While Minnesotans were out celebrating Barack Obama's win, Minnesota Congressional candidates didn't do so well. Obama's coattails just weren't long enough it seems. We'd like to know how many people just voted for president and then turned their ballot in. We know those judge bubbles were tough, but come on! The front page wasn't so hard.
Democratic incumbents won back their seats last night, but there were no gains for the U.S. House or Senate. Tim Walz, Betty McCollum, Keith Ellison, Jim Oberstar and Collin Peterson all won relection. Incumbent Republican John Kline also won.
The hard-fought battles in Minnesota's third and sixth districts stayed Republican. Erik Paulsen won the seat of retiring Rep. Jim Ramstad after an expensive and competitive race against Ashwin Madia. Rep. Michele Bachmann won reelection despite a tough battle against Elwyn Tinklenberg in the last month after her Hardball interview where she asked the media to witch hunt "Anti-American" members of Congress.
And while the Senate race in Minnesota is still undecided, Franken is down more than 700 votes.

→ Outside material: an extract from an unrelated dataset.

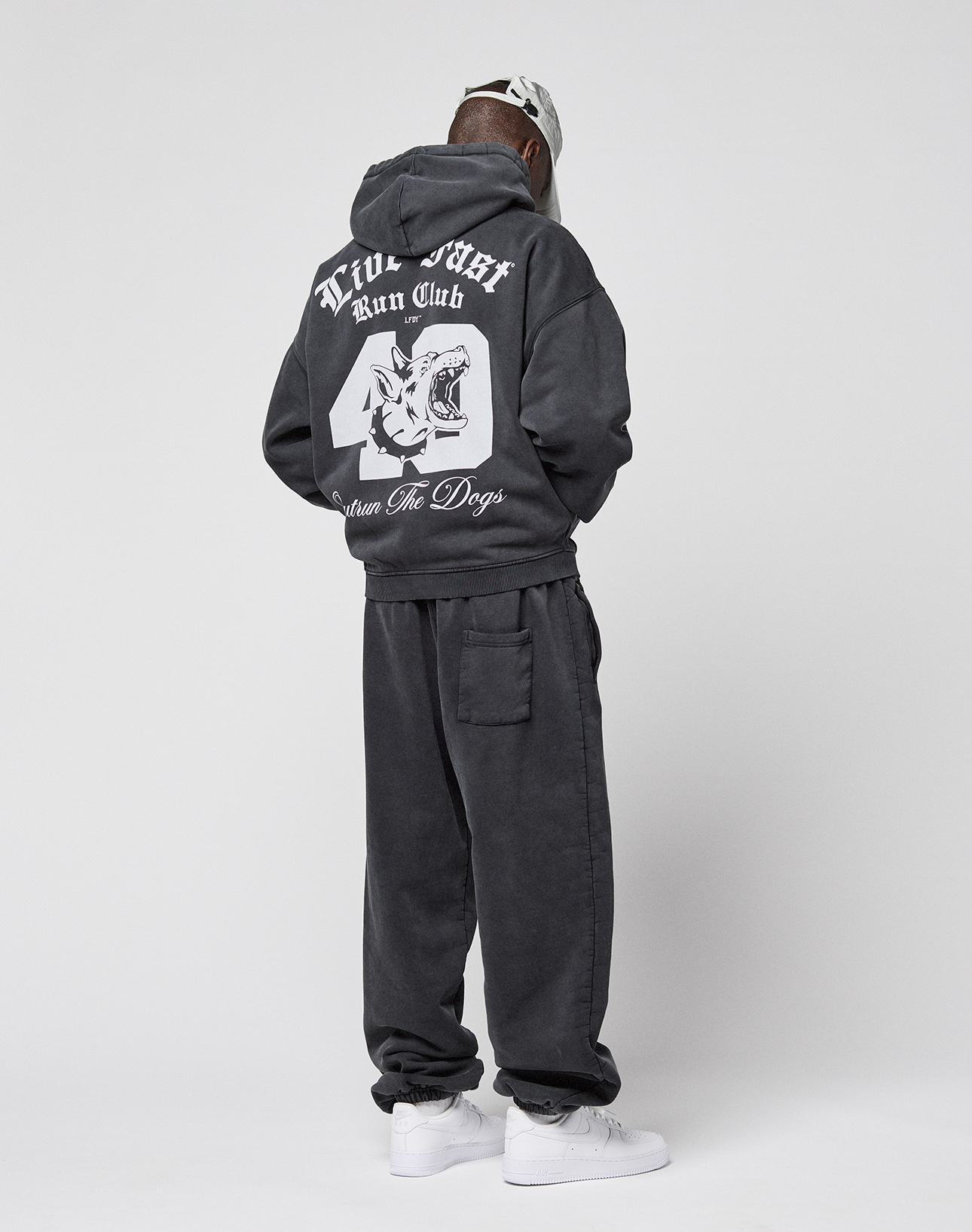 A person faces away, wearing the LIVE FAST DIE YOUNG LFDY Run Club Hooded Zip and sweatpants with a large dog head graphic and "True Issue Run Club, Down For Dogs" on the back. They pair it with white sneakers, a light cap, and an Ćrmelprint.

Our races look much different than others across the country. There are 11 seats not called across the country and the Democrats gained close to 20 seats so far.

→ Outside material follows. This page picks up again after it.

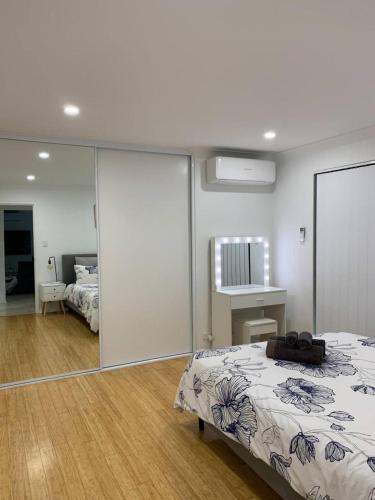 a bedroom with a bed and a mirror at 5 Swan Valley Special 3br 15 Bth in Perth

In the Minnesota House, Democrats kept their majority, but didn't reach the veto-proof majority to overrule Gov. Tim Pawlenty, according to the Associated Press.
And that record turnout Minnesota was hoping for? We got close but didn't top 80 like we had hoped, according to the Associated Press.
Secretary of State Mark Ritchie said he wanted to get "80 in '08" -- meaning 80 percent of eligible voters.
With 99 percent of precincts reporting, it appeared that about 2.9 million people cast ballots. With about 3.71 million eligible voters, that's about 77.5 percent turnout.
Minnesota hit 83 percent turnout in 1956 to reelect Dwight D. Eisenhower.